Edge devices are everywhere, and their numbers are skyrocketing—from 2.7 billion in 2020 to a projected 7.8 billion by 2030, according to various reports. As these devices become critical for automation and data processing, monitoring their health is essential to ensure reliability and efficiency.

Tracking CPU usage, memory, and system performance helps detect potential issues early, preventing downtime and optimizing operations. In this post, we will explore how to monitor devices using Node-RED and scale this process efficiently with FlowFuse.

What is Device Health Monitoring, and Why is it Important?

Edge devices power IoT and automation, handling communication and data processing. As their numbers grow, ensuring they run efficiently is crucial.

Monitoring device health means tracking key metrics like CPU usage, memory, uptime, and system load. High CPU usage or low memory can slow down processes, disrupt data flow, and reduce efficiency.

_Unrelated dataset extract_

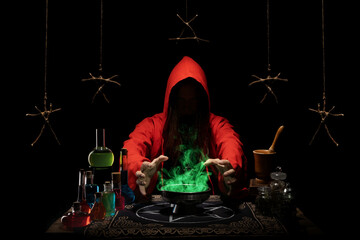 The medieval alchemist make magic ritual at the table in his laboratory. A red-robed, hooded mage.
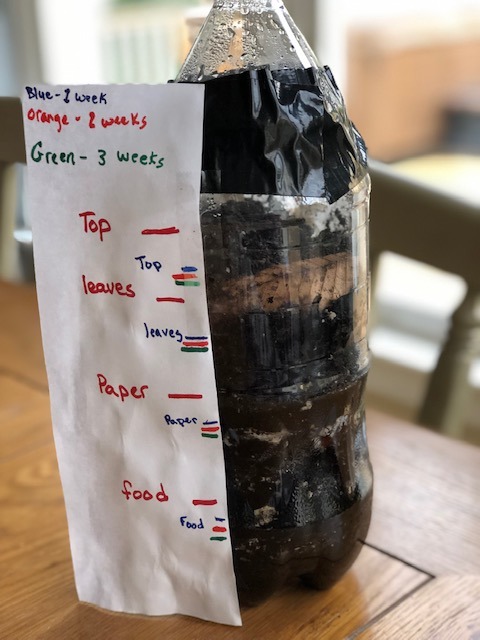 paper marking experiment tracking for week 3 taped to plastic bottle full of soil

For example, in manufacturing, edge devices connect machines to cloud systems for real-time data. If a device fails, production can be impacted.

Regular monitoring helps detect issues early, prevents downtime, and keeps devices running smoothly.

Getting Started with Monitoring Devices

We will begin by monitoring a single device, such as a Raspberry Pi, collecting system data, and visualizing it using FlowFuse. Once the process is clear, we will expand it to monitor multiple devices at scale.

Prerequisites

Before you begin, ensure you have the following:

  1. Running Node-RED Instance: You need a running Node-RED instance on the device you want to monitor. The easiest way to set this up is with the FlowFuse Device Agent, which provides secure remote access, real-time collaboration, snapshots for quick recovery, DevOps tools, and device group management. With it, you can push updates to multiple devices with a single click.

For a step-by-step installation guide, refer to the FlowFuse Device Agent Quickstart.

If you haven’t yet signed up for a FlowFuse account, sign up now.

  1. Required Node-RED Nodes: To collect system data and display it on a dashboard, install the following Node-RED nodes via the Node-RED Palette Manager:
  • node-red-contrib-os: Retrieves system information such as memory, uptime, and load.
  • node-red-contrib-cpu: Monitors CPU usage.
  • @flowfuse/node-red-dashboard: Provides UI components for visualizing system metrics.
  • node-red-contrib-moment: Formats uptime duration in a human-readable format.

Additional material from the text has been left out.